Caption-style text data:
****************
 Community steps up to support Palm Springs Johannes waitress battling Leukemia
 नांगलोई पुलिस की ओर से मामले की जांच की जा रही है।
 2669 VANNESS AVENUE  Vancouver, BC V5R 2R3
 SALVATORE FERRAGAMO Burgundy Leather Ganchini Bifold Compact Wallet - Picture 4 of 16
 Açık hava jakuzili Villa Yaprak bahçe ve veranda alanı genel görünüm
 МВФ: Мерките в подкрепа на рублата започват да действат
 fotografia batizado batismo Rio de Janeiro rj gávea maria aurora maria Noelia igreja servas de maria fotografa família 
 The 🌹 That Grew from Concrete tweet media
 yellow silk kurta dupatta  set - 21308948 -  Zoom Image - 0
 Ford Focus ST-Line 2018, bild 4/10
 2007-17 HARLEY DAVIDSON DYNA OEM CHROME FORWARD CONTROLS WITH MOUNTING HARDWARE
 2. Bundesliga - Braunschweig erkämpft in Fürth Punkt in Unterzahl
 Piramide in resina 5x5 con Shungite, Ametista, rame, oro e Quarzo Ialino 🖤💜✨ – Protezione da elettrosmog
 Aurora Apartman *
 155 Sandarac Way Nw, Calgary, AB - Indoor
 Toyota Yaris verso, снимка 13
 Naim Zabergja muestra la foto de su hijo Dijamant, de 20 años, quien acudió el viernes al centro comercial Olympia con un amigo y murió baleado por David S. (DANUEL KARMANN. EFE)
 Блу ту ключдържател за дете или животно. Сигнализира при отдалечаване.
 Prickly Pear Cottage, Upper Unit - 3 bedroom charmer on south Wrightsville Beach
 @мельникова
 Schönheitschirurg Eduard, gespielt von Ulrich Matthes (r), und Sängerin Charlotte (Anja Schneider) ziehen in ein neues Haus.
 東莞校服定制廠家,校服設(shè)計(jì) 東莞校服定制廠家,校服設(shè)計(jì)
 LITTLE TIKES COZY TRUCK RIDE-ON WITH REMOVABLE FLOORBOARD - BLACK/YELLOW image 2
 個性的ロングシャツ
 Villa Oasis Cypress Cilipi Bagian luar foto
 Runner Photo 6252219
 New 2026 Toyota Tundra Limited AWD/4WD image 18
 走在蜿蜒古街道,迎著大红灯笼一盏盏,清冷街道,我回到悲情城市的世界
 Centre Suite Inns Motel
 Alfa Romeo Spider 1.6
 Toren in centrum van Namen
****************
▶ [BRIEF] In the records above, copy exactly the lines from the one that contains "Aurora Apartman *" through the last, and nothing else.

▶ [RESULT BELOW]
 Aurora Apartman *
 155 Sandarac Way Nw, Calgary, AB - Indoor
 Toyota Yaris verso, снимка 13
 Naim Zabergja muestra la foto de su hijo Dijamant, de 20 años, quien acudió el viernes al centro comercial Olympia con un amigo y murió baleado por David S. (DANUEL KARMANN. EFE)
 Блу ту ключдържател за дете или животно. Сигнализира при отдалечаване.
 Prickly Pear Cottage, Upper Unit - 3 bedroom charmer on south Wrightsville Beach
 @мельникова
 Schönheitschirurg Eduard, gespielt von Ulrich Matthes (r), und Sängerin Charlotte (Anja Schneider) ziehen in ein neues Haus.
 東莞校服定制廠家,校服設(shè)計(jì) 東莞校服定制廠家,校服設(shè)計(jì)
 LITTLE TIKES COZY TRUCK RIDE-ON WITH REMOVABLE FLOORBOARD - BLACK/YELLOW image 2
 個性的ロングシャツ
 Villa Oasis Cypress Cilipi Bagian luar foto
 Runner Photo 6252219
 New 2026 Toyota Tundra Limited AWD/4WD image 18
 走在蜿蜒古街道,迎著大红灯笼一盏盏,清冷街道,我回到悲情城市的世界
 Centre Suite Inns Motel
 Alfa Romeo Spider 1.6
 Toren in centrum van Namen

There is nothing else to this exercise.